TASK DIRECTIONS: Below is a listing; restate from it, character for character, the lines beginning at the line holding "this 474×355 image." and ending at the line holding "this 898×578 image.", both included.

RECORDS SHOWN:

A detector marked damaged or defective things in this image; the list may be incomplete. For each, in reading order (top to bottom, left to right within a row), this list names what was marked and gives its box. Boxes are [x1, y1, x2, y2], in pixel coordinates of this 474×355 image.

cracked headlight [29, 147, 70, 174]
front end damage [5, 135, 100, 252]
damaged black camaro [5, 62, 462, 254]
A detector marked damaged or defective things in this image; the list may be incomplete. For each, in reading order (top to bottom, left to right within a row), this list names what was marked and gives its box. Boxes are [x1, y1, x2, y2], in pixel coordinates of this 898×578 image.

...

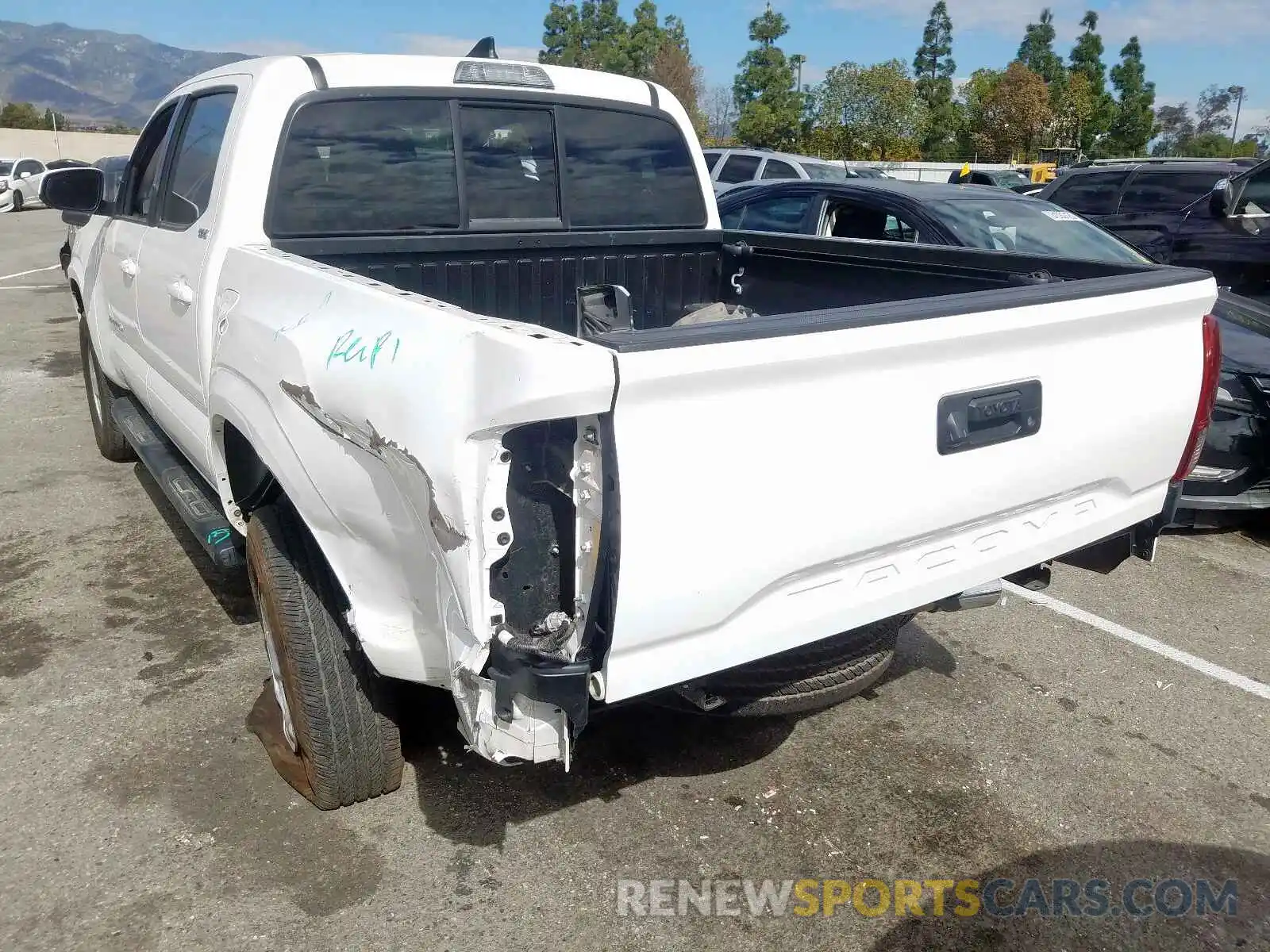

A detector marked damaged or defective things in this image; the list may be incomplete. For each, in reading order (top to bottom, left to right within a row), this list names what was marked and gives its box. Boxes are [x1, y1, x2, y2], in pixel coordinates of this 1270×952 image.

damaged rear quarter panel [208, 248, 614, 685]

==

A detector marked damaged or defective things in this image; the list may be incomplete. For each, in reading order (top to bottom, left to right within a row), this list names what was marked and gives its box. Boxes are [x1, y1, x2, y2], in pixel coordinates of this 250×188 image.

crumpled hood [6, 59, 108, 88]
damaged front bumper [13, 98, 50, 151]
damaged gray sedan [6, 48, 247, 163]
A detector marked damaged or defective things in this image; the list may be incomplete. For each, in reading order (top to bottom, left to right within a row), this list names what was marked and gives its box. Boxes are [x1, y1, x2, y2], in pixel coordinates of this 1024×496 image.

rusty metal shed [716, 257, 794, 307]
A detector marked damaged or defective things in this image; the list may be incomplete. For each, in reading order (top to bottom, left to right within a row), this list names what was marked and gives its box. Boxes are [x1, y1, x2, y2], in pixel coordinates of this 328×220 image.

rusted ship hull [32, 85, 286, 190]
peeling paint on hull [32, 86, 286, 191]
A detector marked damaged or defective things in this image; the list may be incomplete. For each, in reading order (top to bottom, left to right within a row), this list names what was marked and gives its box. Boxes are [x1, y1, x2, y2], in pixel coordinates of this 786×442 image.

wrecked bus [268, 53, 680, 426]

ANSWER TO THIS PROBLEM:
A detector marked damaged or defective things in this image; the list may be incomplete. For each, in reading order (top to bottom, left to right within a row), this list names what was marked and gives its box. Boxes are [x1, y1, x2, y2], in pixel coordinates of this 474×355 image.

cracked headlight [29, 147, 70, 174]
front end damage [5, 135, 100, 252]
damaged black camaro [5, 62, 462, 254]
A detector marked damaged or defective things in this image; the list may be incomplete. For each, in reading order (top to bottom, left to right within a row), this list names what was marked and gives its box. Boxes are [x1, y1, x2, y2], in pixel coordinates of this 898×578 image.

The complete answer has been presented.